12

I am having trouble with my regex for capturing consecutive capitalized words. Here is what I want the regex to capture:

"said Polly Pocket and the toys" -> Polly Pocket

Here is the regex I am using:

re.findall('said ([A-Z][\w-]*(\s+[A-Z][\w-]*)+)', article)

It returns the following:

[('Polly Pocket', ' Pocket')]

I want it to return:

['Polly Pocket']
egidra
  • 8,537
  • 19
  • 62
  • 89
  • So what if the input was `i Have A String and It Is Long`? Should it give `['Have A String', 'It Is Long']` or `['Have A String and It Is Long']` – Adam Parkin Mar 01 '12 at 23:49
  • Why do you have the word "said" in your findall? Do you actually intend to only find consecutive capital words following "said "? – jgritty Mar 01 '12 at 23:53

3 Answers3

31

Use a positive look-ahead:

([A-Z][a-z]+(?=\s[A-Z])(?:\s[A-Z][a-z]+)+)

Assert that the current word, to be accepted, needs to be followed by another word with a capital letter in it. Broken down:

(                # begin capture
  [A-Z]            # one uppercase letter  \ First Word
  [a-z]+           # 1+ lowercase letters  /
  (?=\s[A-Z])      # must have a space and uppercase letter following it
  (?:                # non-capturing group
    \s               # space
    [A-Z]            # uppercase letter   \ Additional Word(s)
    [a-z]+           # lowercase letter   /
  )+              # group can be repeated (more words)
)               #end capture
Brad Christie
  • 100,477
  • 16
  • 156
  • 200
7

It's because findall returns all the capturing groups in your regex, and you have two capturing groups (one that gets all the matching text, and the inner one for subsequent words).

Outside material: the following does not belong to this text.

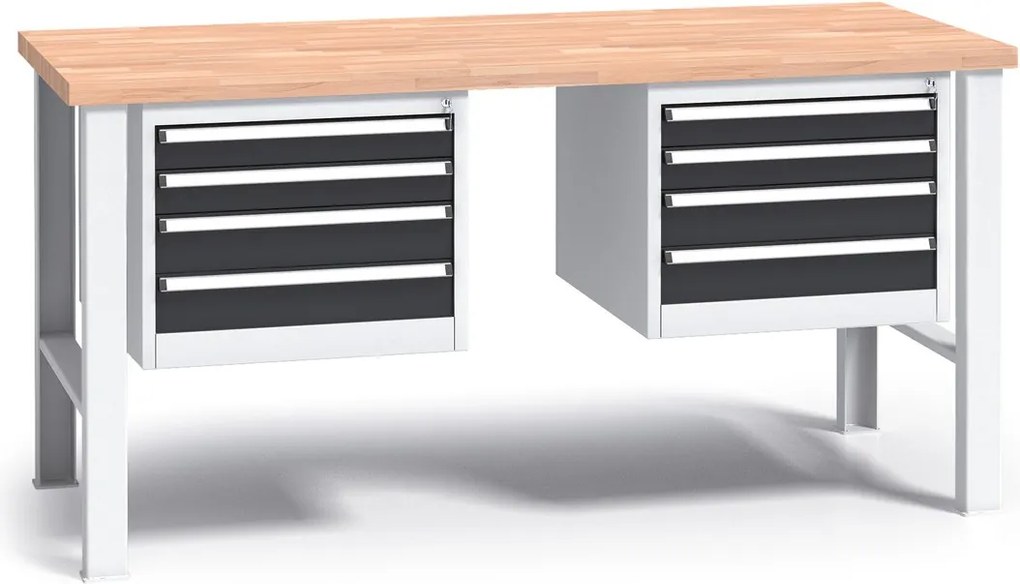 Pracovný stôl do dielne G3 s 2 závesnými boxami na náradie, buková škárovka, 8 zásuviek, pevné kovové nohy, 1700 mm, grafit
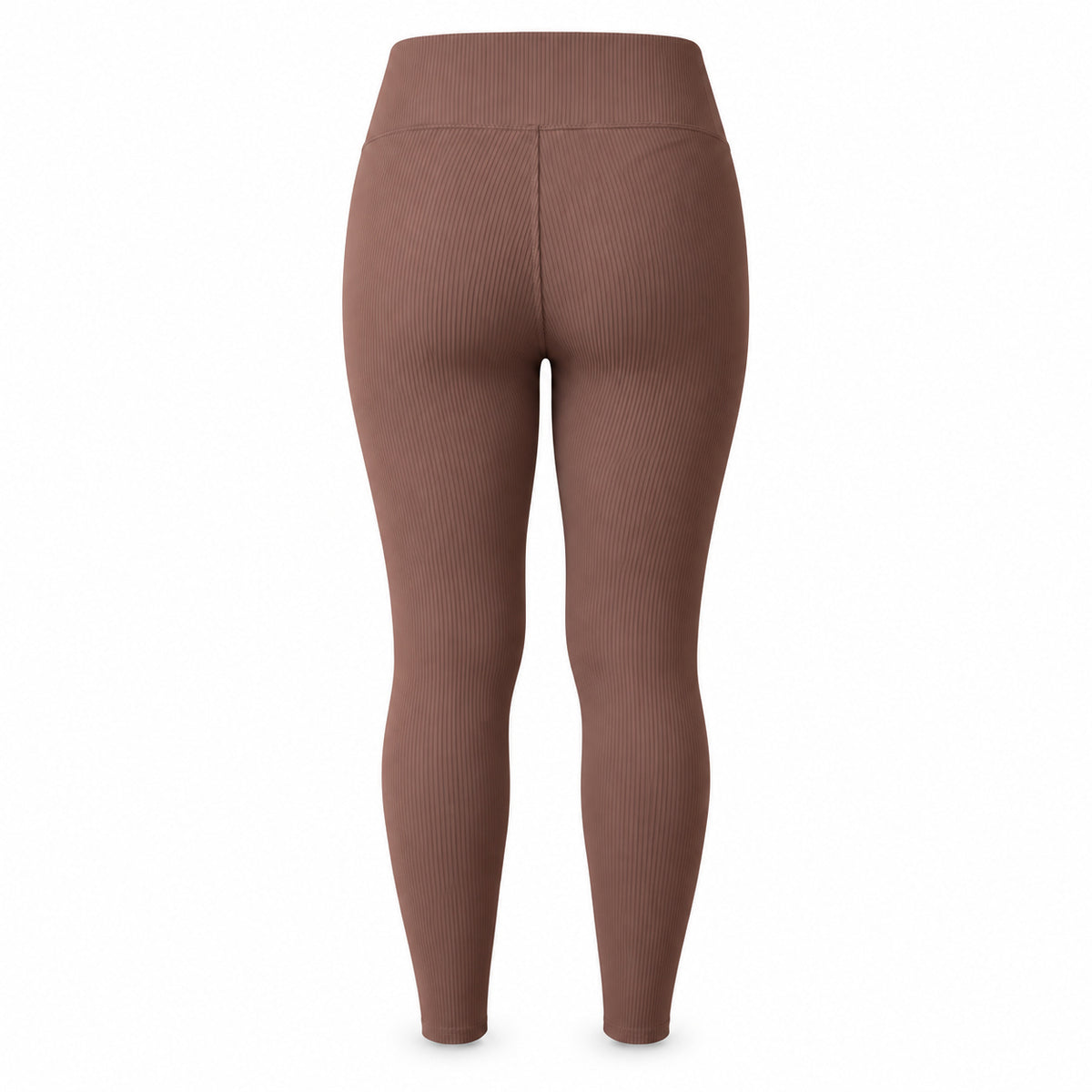 Brązowy — legginsy prążkowane z wysokim pasem, cały tył — packshot na białym tle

You can just make your second capturing group into a non-capturing one by using (?:regex) instead of (regex):

re.findall('([A-Z][\w-]*(?:\s+[A-Z][\w-]*)+)', article)
mathematical.coffee
  • 55,977
  • 11
  • 154
  • 194
5
$mystring = "the United States of America has many big cities like New York and Los Angeles, and others like Atlanta";

@phrases = $mystring =~ /[A-Z][\w'-]\*(?:\s+[A-Z][\w'-]\*)\*/g;

print "\n" . join(", ", @phrases) . "\n\n# phrases = " . scalar(@phrases) . "\n\n";

OUTPUT:

$ ./try_me.pl

United States, America, New York, Los Angeles, Atlanta

\# phrases = 5
Josh Crozier
  • 233,099
  • 56
  • 391
  • 304